What to work on:
With pictures omitted, the line containing "3880974 Mopar Nos" and all later lines of the records below are to be restated word for word.

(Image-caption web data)
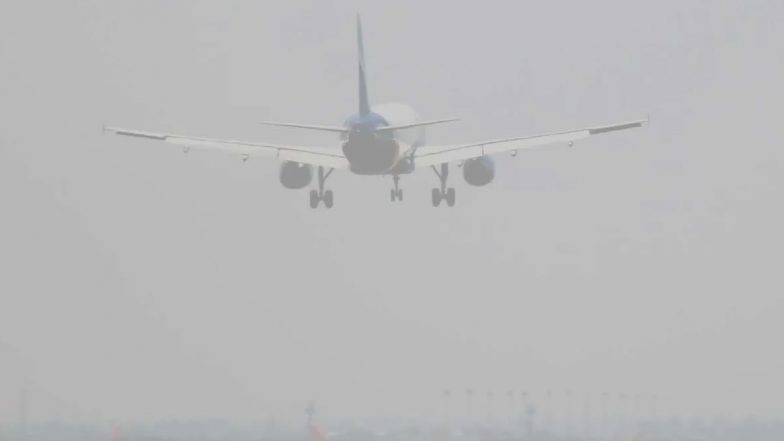 Weather Impact: घने कोहरे के चलते 500 से अधिक फ्लाइट्स लेट, 21 के रूट डायवर्ट- 5 कैंसिल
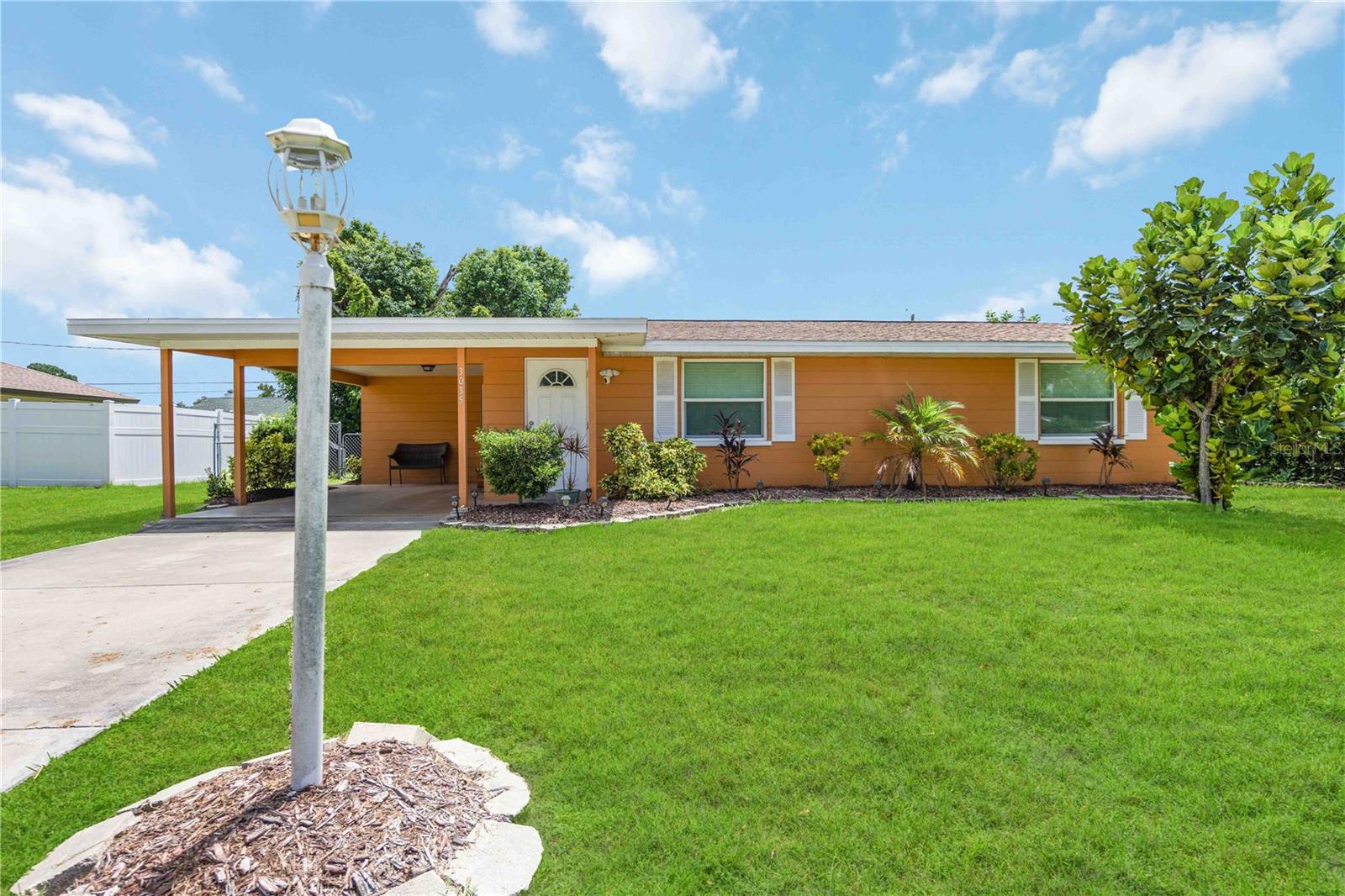 3035 Shamrock Dr, Venice, FL 34293 — photo 3 of 59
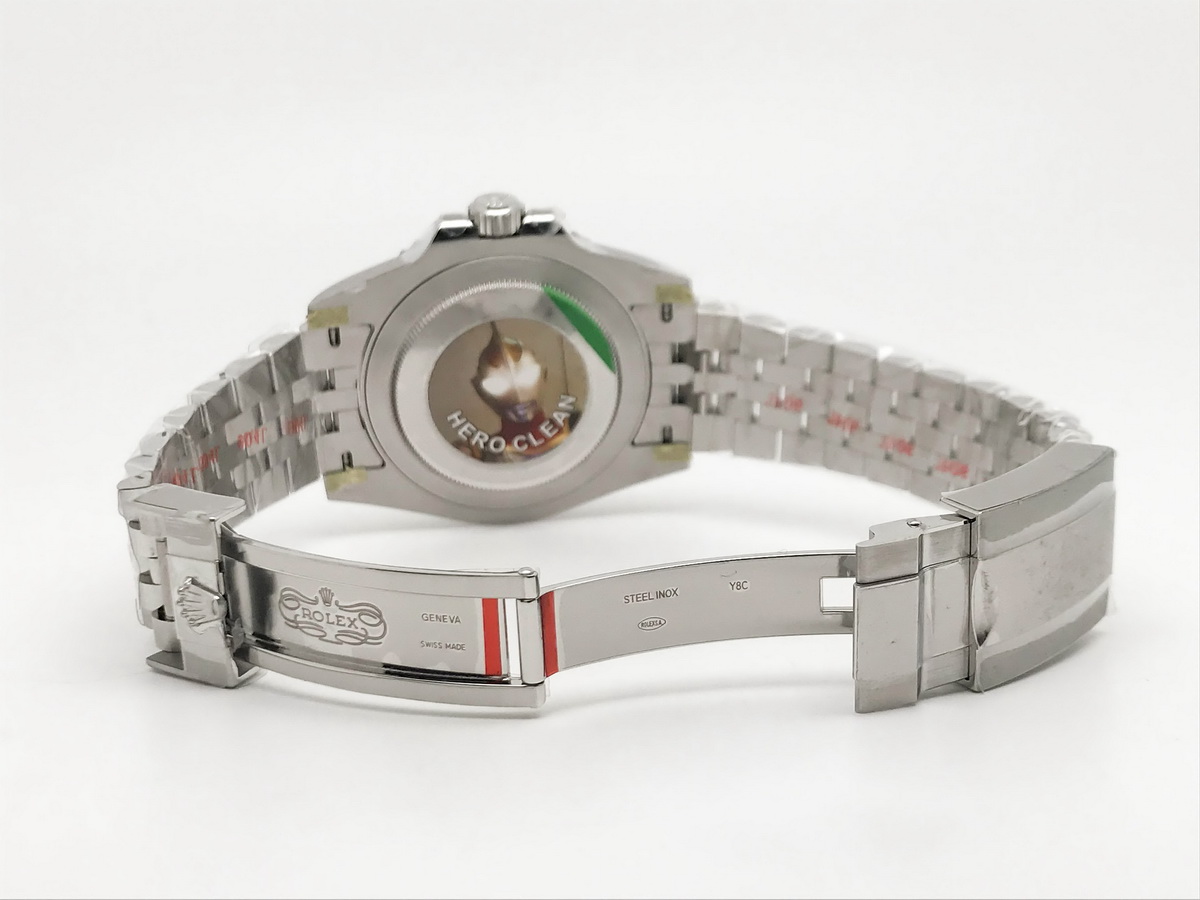 GMT-Master II 126710BLRO 40mm Pepsi Ceramic Bezel Black Dial Jubilee Bracelet 3285 6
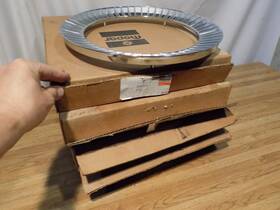 3880974 Mopar Nos 1978-1979 Chrysler 300 Cordoba Wheel Trim Rings Dodge Magnum New Yorker X4
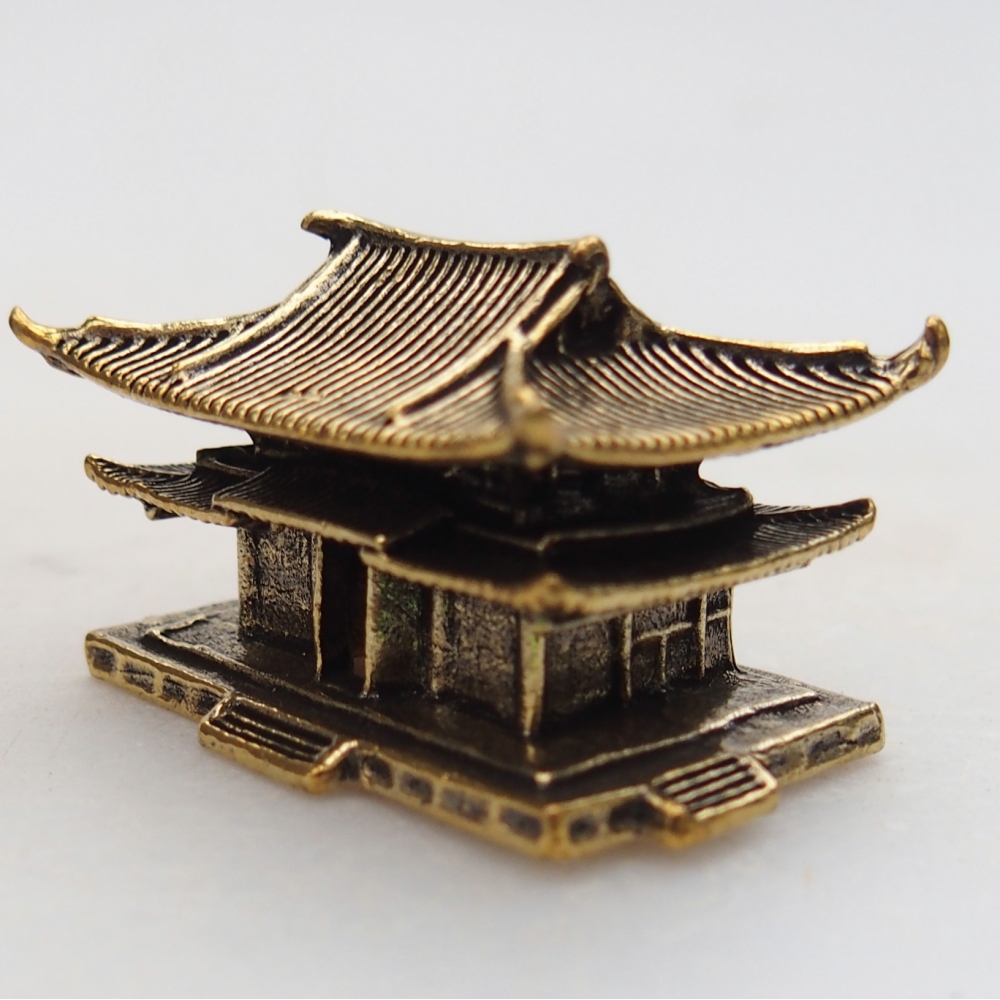 Metalowa figurka - chatka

Completed exercise:
 3880974 Mopar Nos 1978-1979 Chrysler 300 Cordoba Wheel Trim Rings Dodge Magnum New Yorker X4
 Metalowa figurka - chatka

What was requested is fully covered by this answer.